§ **WORK REQUEST**
Keep the pictures out and restate every record exactly.

§ **DATA FOR PROCESSING**
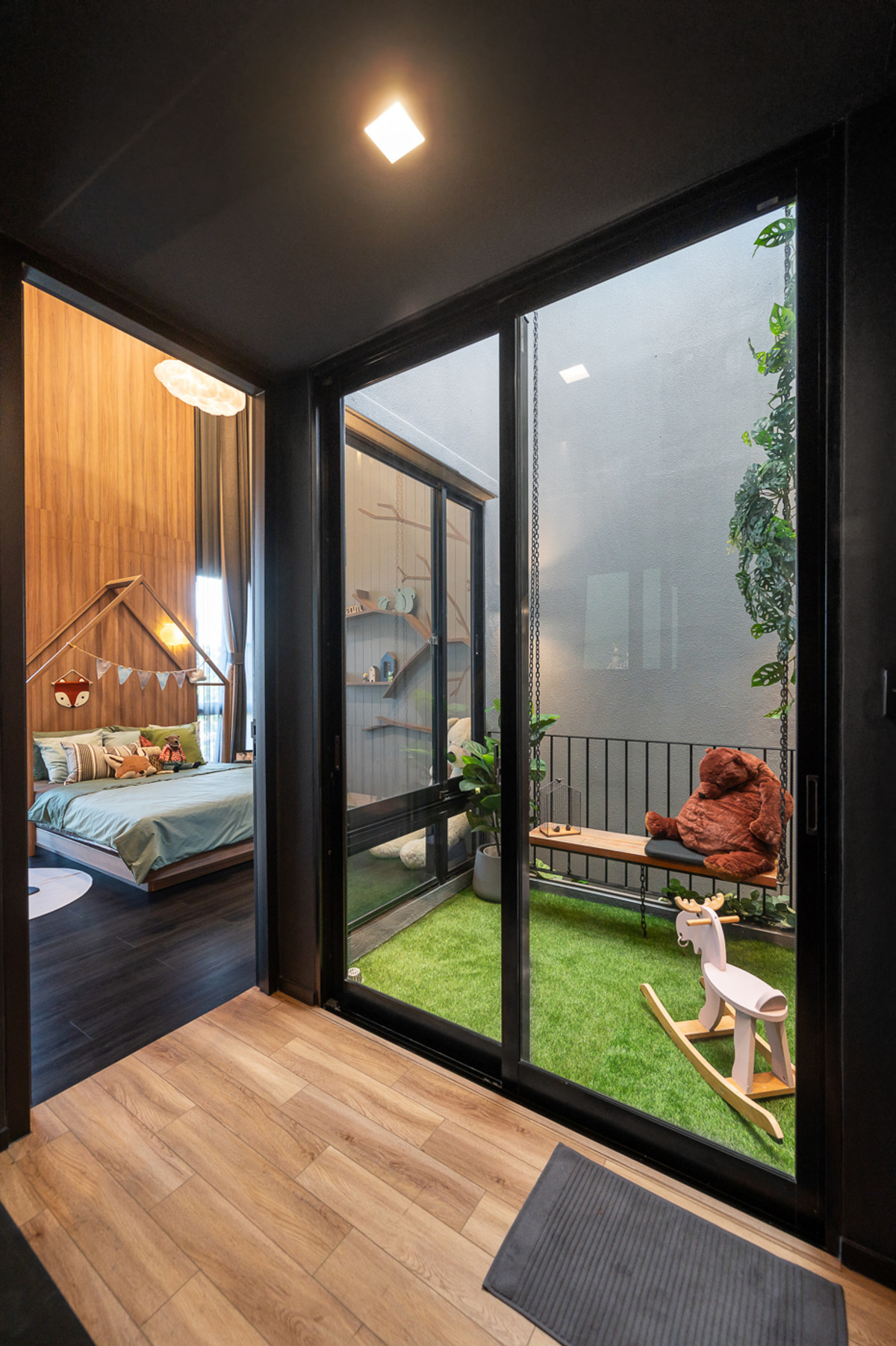 🔥🔥30769🔥🔥 ให้เช่าทาวน์โฮม 3.5 ชั้น ใจกลางรัชดา ใกล้ MRT เพียง 800 เมตร🌐𝐋𝐈𝐍𝐄 𝐈𝐃 : @𝐟𝐚𝐬𝐭𝐟𝐨𝐫𝐫𝐞𝐧𝐭𝐜𝐨𝐧𝐝𝐨    – รูปที่ 4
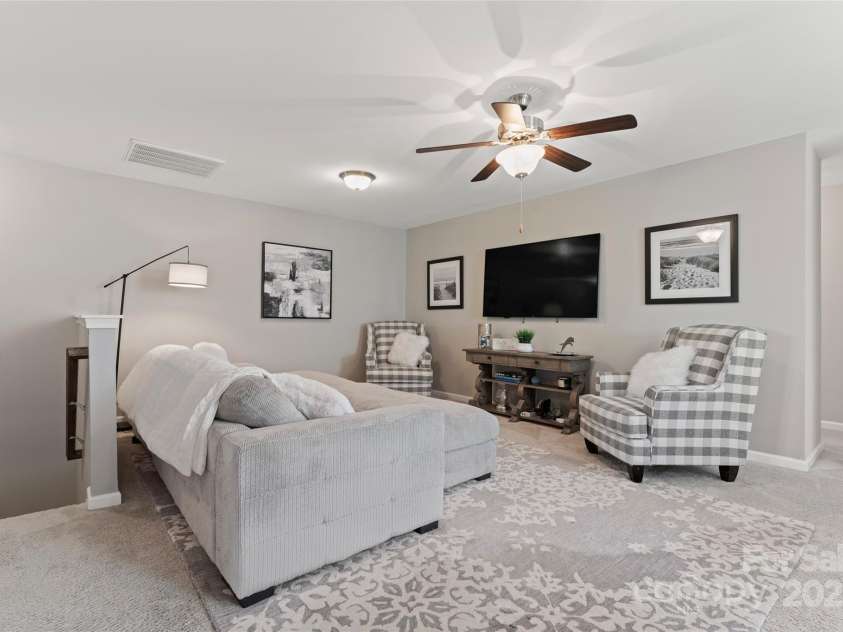 919 Pennington Drive, Lancaster, SC 29720.  MLS# CAR4228874, YatesRealty ID 14937. Large Loft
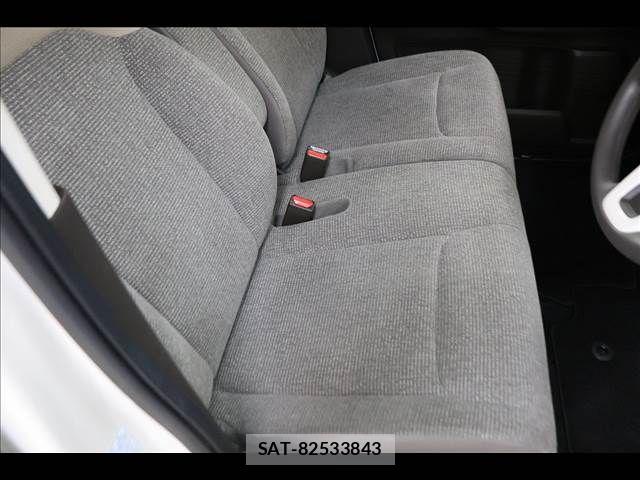 Honda N BOX 2023-01 6752518-10
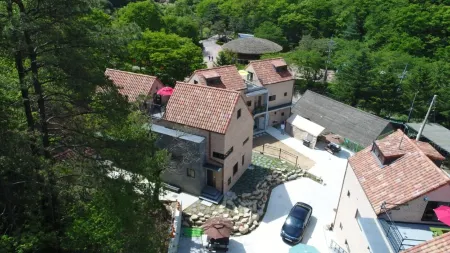 Wanju Madangi Sumokwon Pension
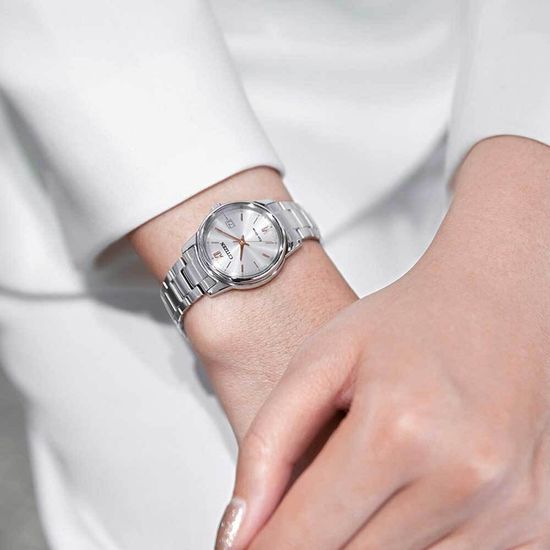 Наручные часы Citizen EW2318-73A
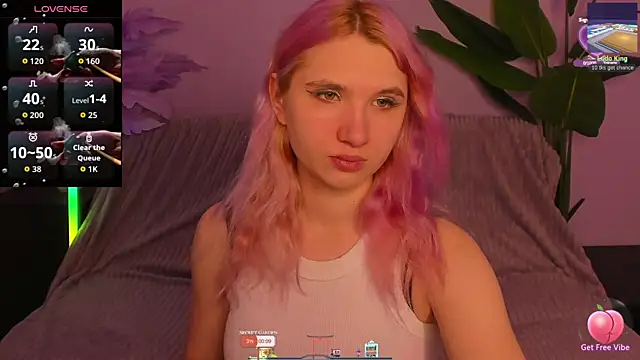 Snapshot of Kitty_Blondie chatting on April 2026 02:39:02 AM Kitty Blondie online show from April 2026 02:39:02 AM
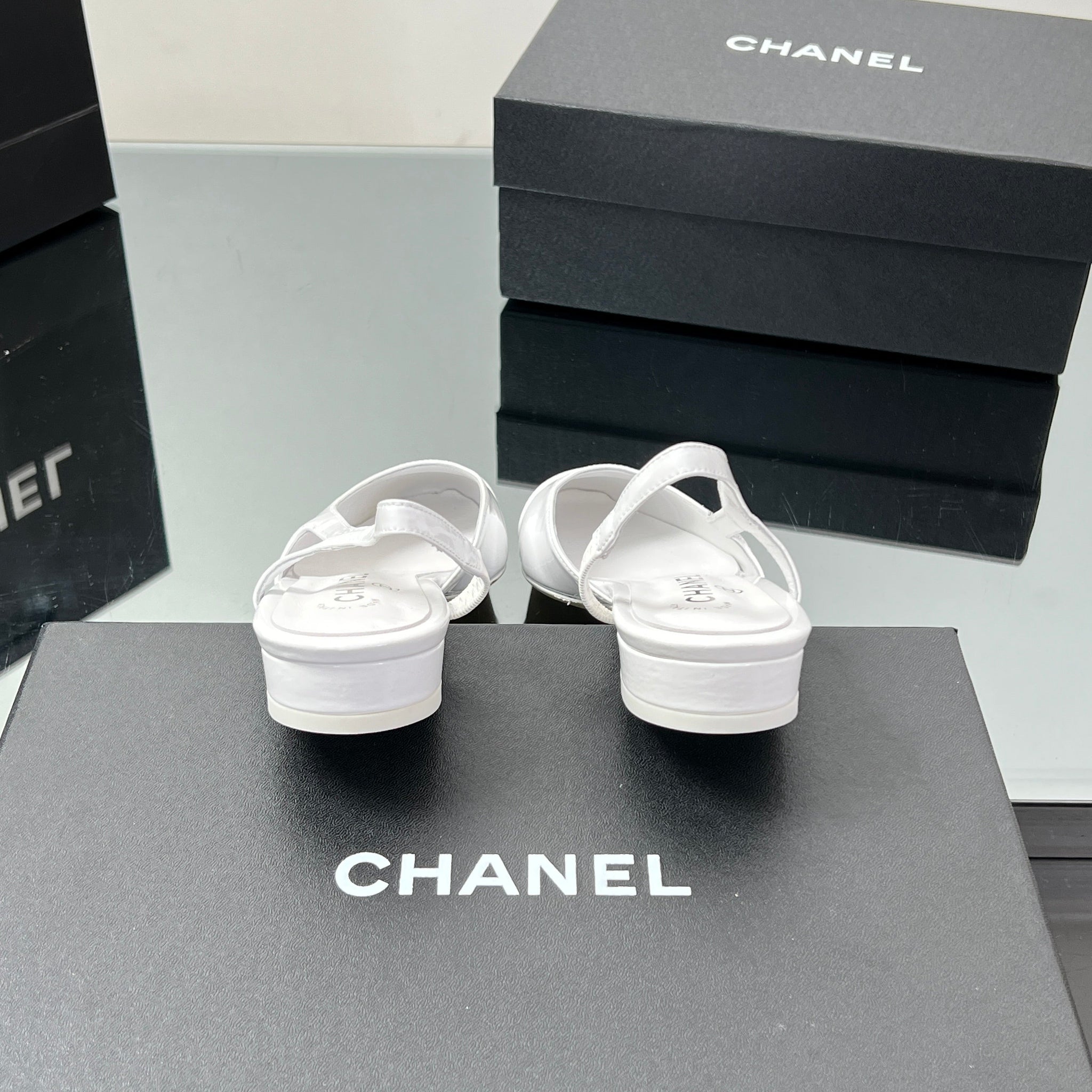 CC Slingback 2.5cm White Glossy Leather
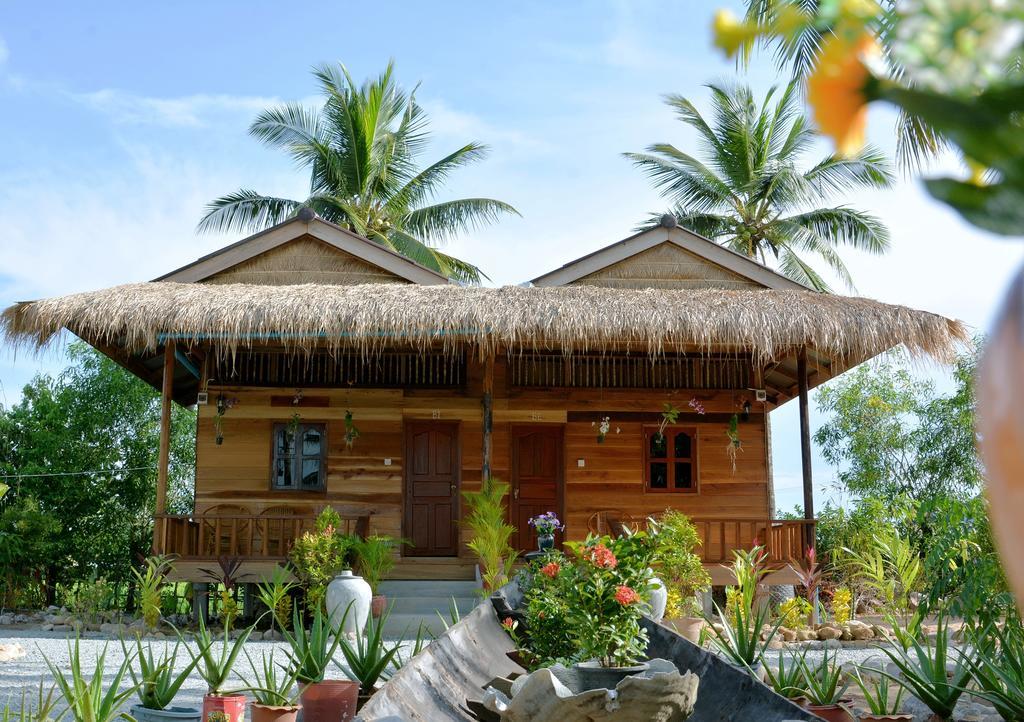 Fish Island Bungalows カンポット エクステリア 写真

§ **OUTPUT BELOW**
 🔥🔥30769🔥🔥 ให้เช่าทาวน์โฮม 3.5 ชั้น ใจกลางรัชดา ใกล้ MRT เพียง 800 เมตร🌐𝐋𝐈𝐍𝐄 𝐈𝐃 : @𝐟𝐚𝐬𝐭𝐟𝐨𝐫𝐫𝐞𝐧𝐭𝐜𝐨𝐧𝐝𝐨    – รูปที่ 4
 919 Pennington Drive, Lancaster, SC 29720.  MLS# CAR4228874, YatesRealty ID 14937. Large Loft
 Honda N BOX 2023-01 6752518-10
 Wanju Madangi Sumokwon Pension
 Наручные часы Citizen EW2318-73A
 Snapshot of Kitty_Blondie chatting on April 2026 02:39:02 AM Kitty Blondie online show from April 2026 02:39:02 AM
 CC Slingback 2.5cm White Glossy Leather
 Fish Island Bungalows カンポット エクステリア 写真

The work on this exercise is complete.